Crédits Olivier Simon Arcand Photographe, shooting des Célébrations de la fierté de Montréal
Permettez-moi de vous souhaiter un merveilleux mois de juillet. Les lecteurs assidus de ce blogue savent déjà qu’aujourd’hui je tombe en vacances, qui seront en fait une convalescence de longue durée. En fait, lundi prochain, j’entre au Centre Métropolitain de Chirurgie Plastique et je me ferai opérer par le célèbre Docteur Pierre Brassard (qui est aussi mon client, son site est en évolution et sera garni sous peu) Tel que j’en ai déjà parlé dans mon blogue Femme 2.0, je vais y subir une vaginoplastie et augmentation mammaire et ce sera l’une des étapes les plus importantes de ma transition. Pour moi, ce sera une renaissance et l’accomplissement de la correspondance de mon cerveau avec mon anatomie. Ce sera aussi sans doute la période de convalescence la plus difficile de ma vie et je sais déjà que la première semaine sera particulièrement difficile. Mais je suis prête et j’ai très hâte à ce grand moment.
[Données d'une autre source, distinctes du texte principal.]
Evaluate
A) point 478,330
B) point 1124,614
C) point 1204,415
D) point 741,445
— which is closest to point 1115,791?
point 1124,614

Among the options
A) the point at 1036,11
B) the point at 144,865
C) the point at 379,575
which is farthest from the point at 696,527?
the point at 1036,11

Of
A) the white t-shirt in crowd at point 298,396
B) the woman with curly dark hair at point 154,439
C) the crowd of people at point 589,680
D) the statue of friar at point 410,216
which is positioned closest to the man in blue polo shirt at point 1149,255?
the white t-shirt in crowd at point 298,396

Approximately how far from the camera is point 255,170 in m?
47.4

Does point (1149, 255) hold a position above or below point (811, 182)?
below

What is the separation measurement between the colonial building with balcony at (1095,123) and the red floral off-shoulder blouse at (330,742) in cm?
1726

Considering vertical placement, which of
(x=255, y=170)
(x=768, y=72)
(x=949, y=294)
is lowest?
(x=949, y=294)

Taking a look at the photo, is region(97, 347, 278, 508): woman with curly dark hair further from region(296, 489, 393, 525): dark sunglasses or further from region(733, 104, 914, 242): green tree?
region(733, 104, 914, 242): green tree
Vous comprendrez donc que mon blogue sera passablement moins actif durant le prochain mois, mais je mettrai à jour mes profils Facebook et Twitter afin de rassurer mes amis, clients et lecteurs. Je serai de retour en août et je vous souhaite le mois de juillet le plus ensoleillé et divin qui soit. Lorsque je vous rencontrerai de nouveau, je serais définitivement une femme et ce statut, qui me tient tellement à cœur prendra désormais le pas sur celui de transsexuelle, qui peu à peu s’éteindra (du moins, je l’espère). Gros bisous à tous…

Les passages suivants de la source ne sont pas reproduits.